▶ _Exercise brief_: Write out exactly the lines running from the one with "Snapshot of lulu_js_" to the end of the data, including both of those lines and excluding pictures.

▶ _Excerpted records_:

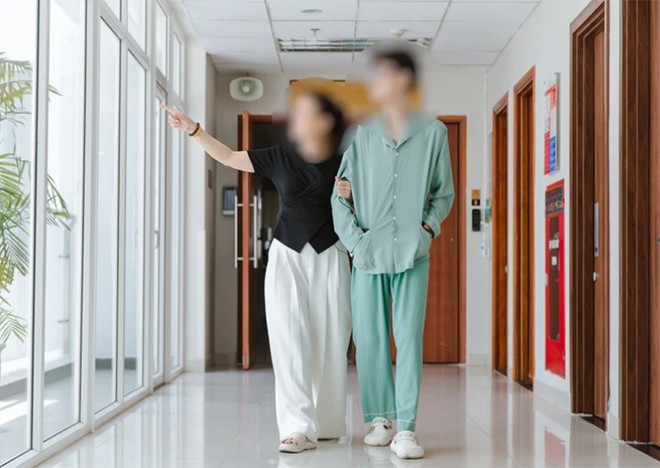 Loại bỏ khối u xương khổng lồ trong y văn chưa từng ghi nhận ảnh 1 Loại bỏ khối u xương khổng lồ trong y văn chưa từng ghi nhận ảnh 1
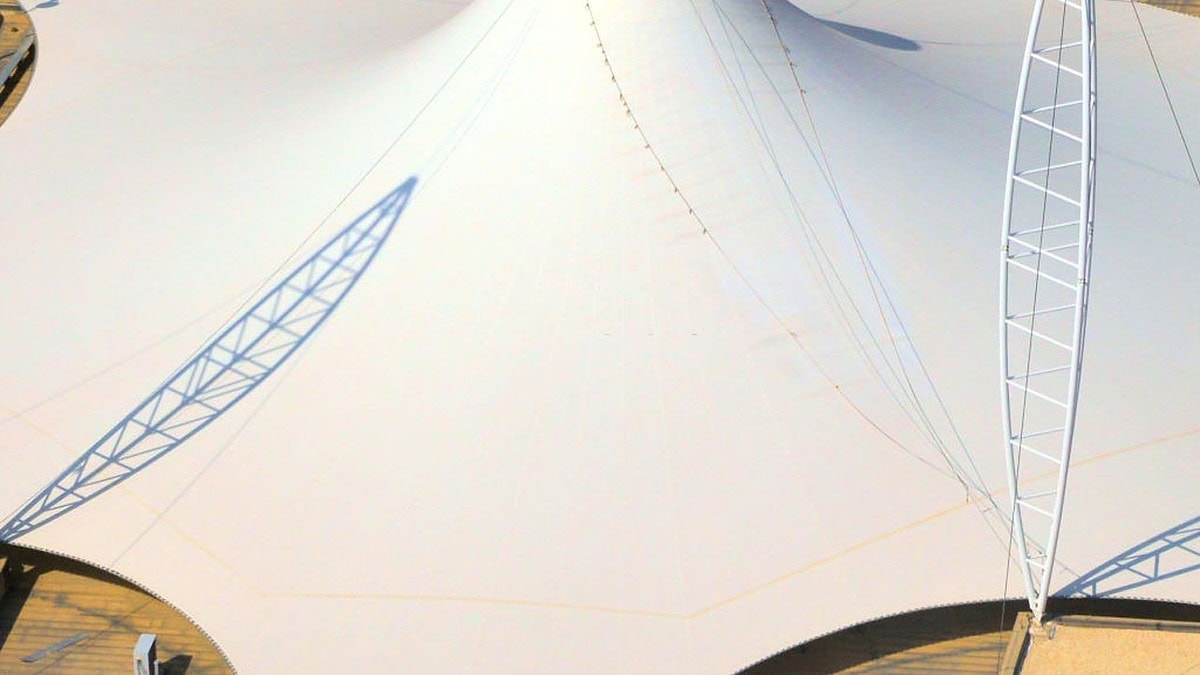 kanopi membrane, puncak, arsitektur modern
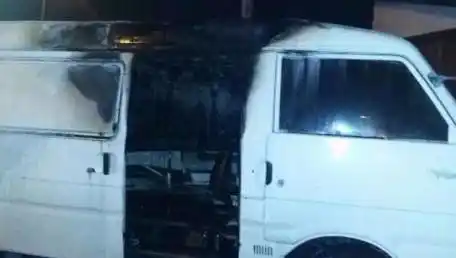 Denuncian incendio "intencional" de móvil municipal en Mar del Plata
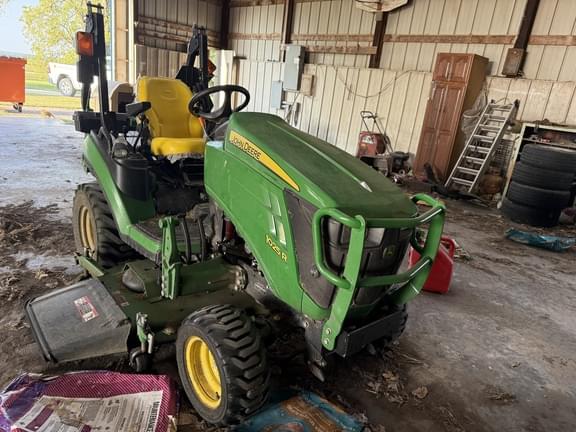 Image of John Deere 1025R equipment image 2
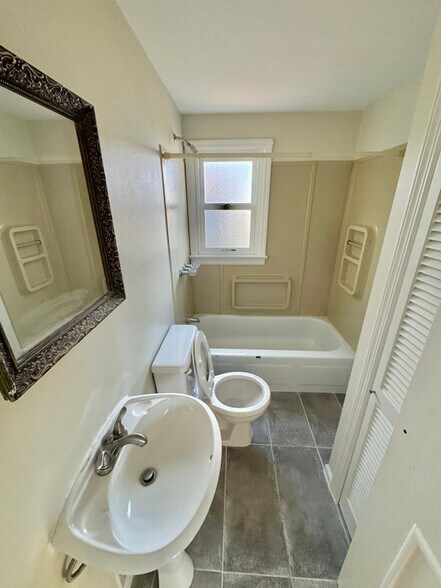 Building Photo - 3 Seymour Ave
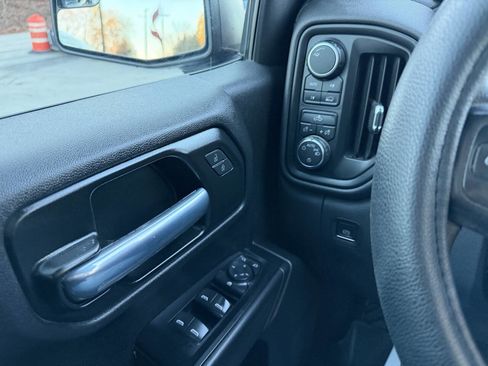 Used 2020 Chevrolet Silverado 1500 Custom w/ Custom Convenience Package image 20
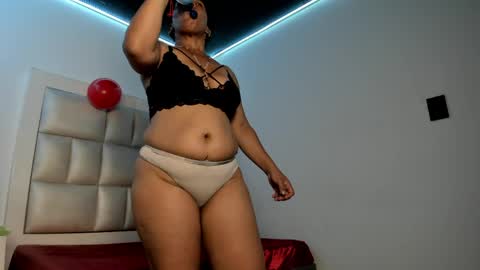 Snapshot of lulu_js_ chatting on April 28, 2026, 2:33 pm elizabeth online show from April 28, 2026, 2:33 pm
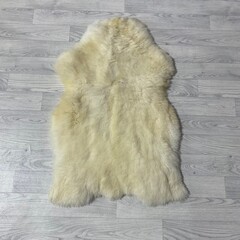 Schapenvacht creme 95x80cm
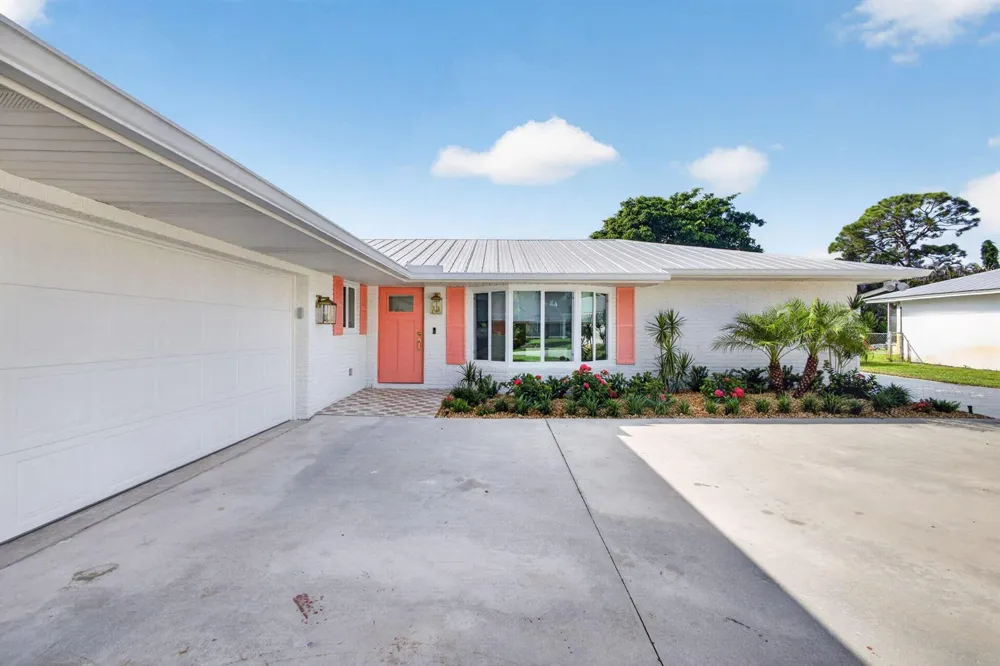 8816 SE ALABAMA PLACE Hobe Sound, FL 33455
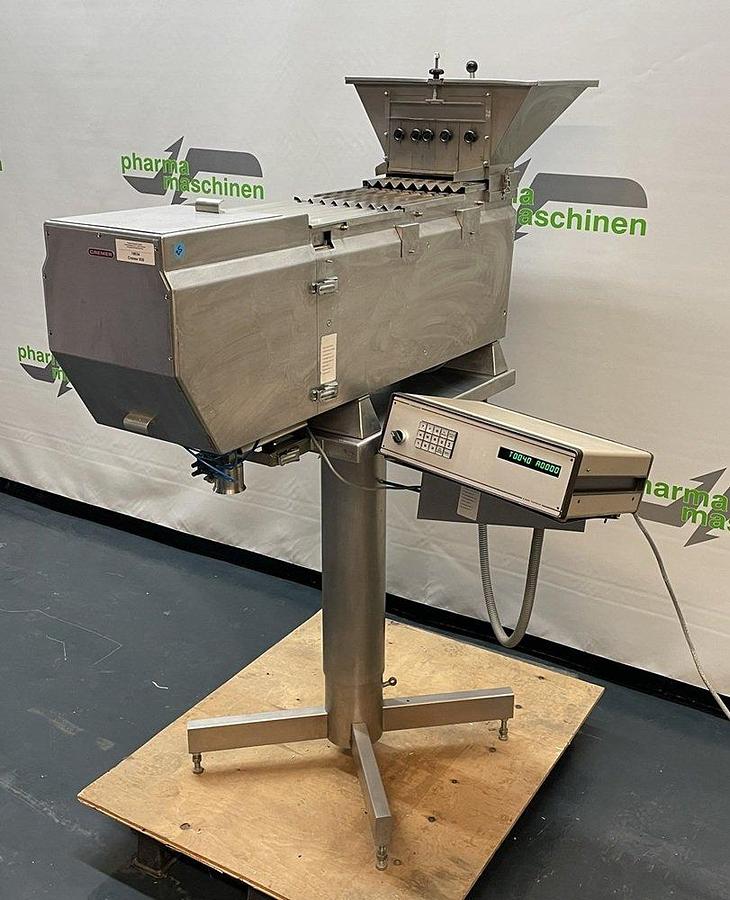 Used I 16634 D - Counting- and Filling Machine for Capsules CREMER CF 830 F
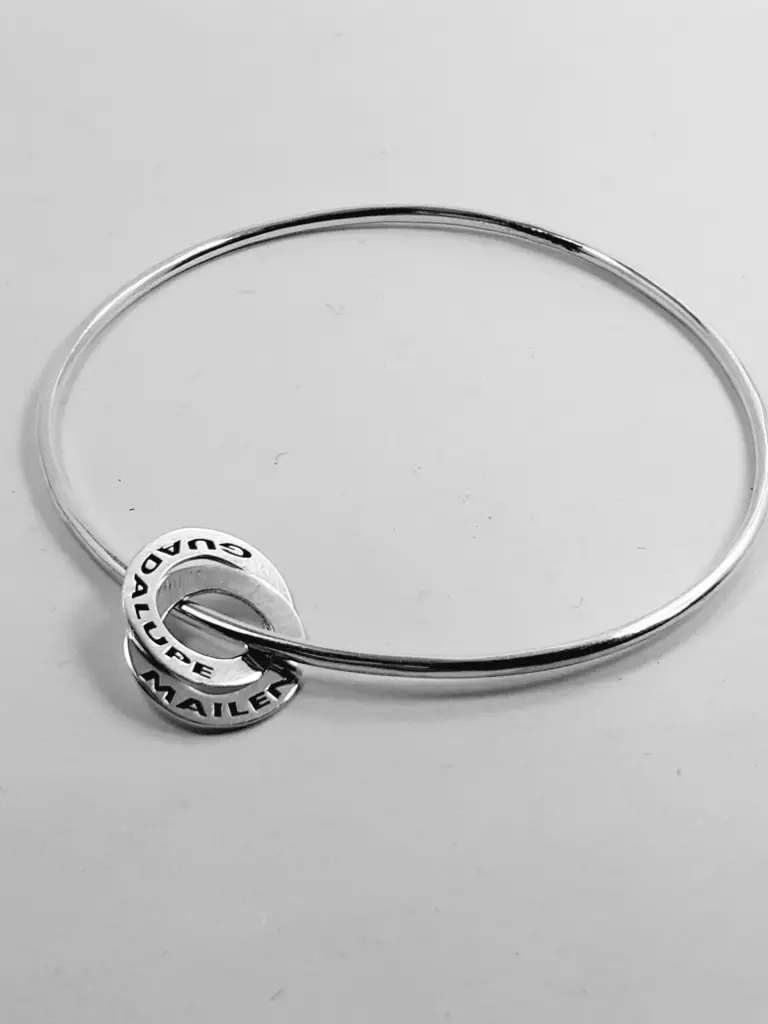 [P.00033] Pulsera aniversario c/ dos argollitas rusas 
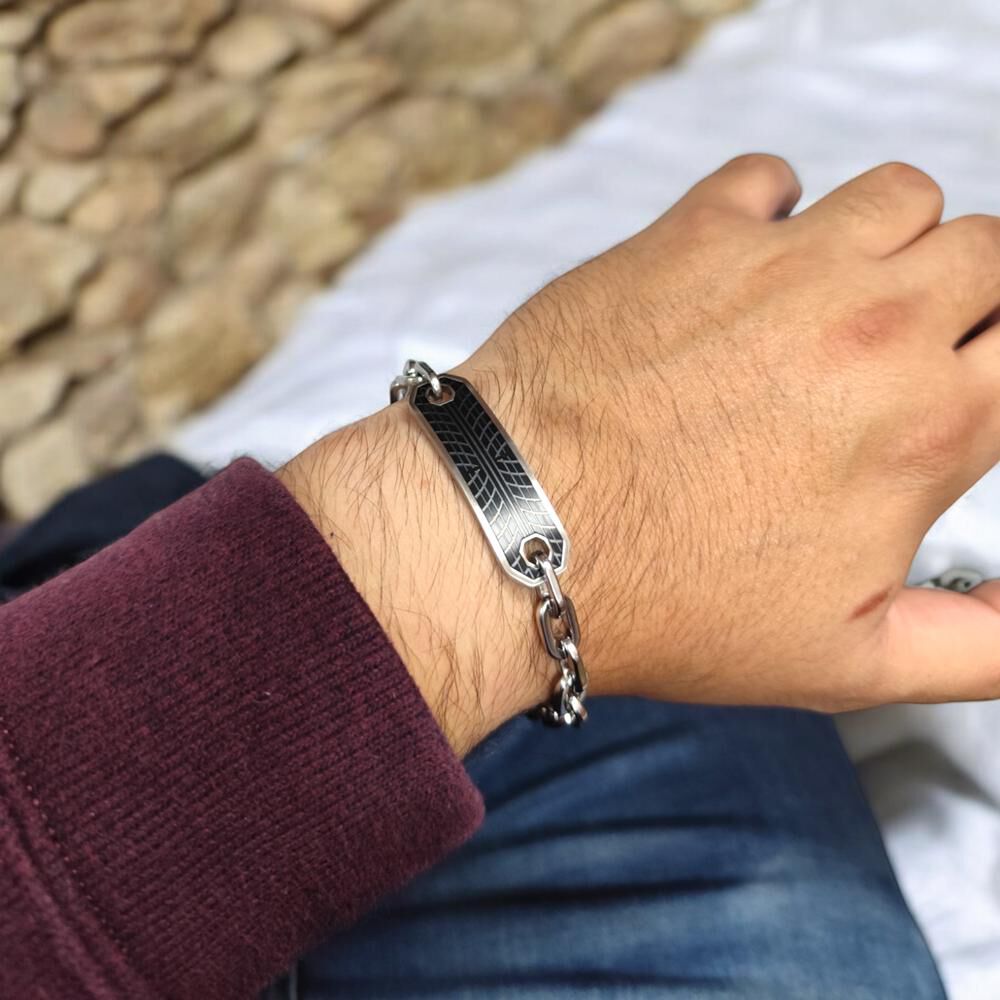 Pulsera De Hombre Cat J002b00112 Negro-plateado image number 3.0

▶ _Written response_:
 Snapshot of lulu_js_ chatting on April 28, 2026, 2:33 pm elizabeth online show from April 28, 2026, 2:33 pm
 Schapenvacht creme 95x80cm
 8816 SE ALABAMA PLACE Hobe Sound, FL 33455
 Used I 16634 D - Counting- and Filling Machine for Capsules CREMER CF 830 F
 [P.00033] Pulsera aniversario c/ dos argollitas rusas 
 Pulsera De Hombre Cat J002b00112 Negro-plateado image number 3.0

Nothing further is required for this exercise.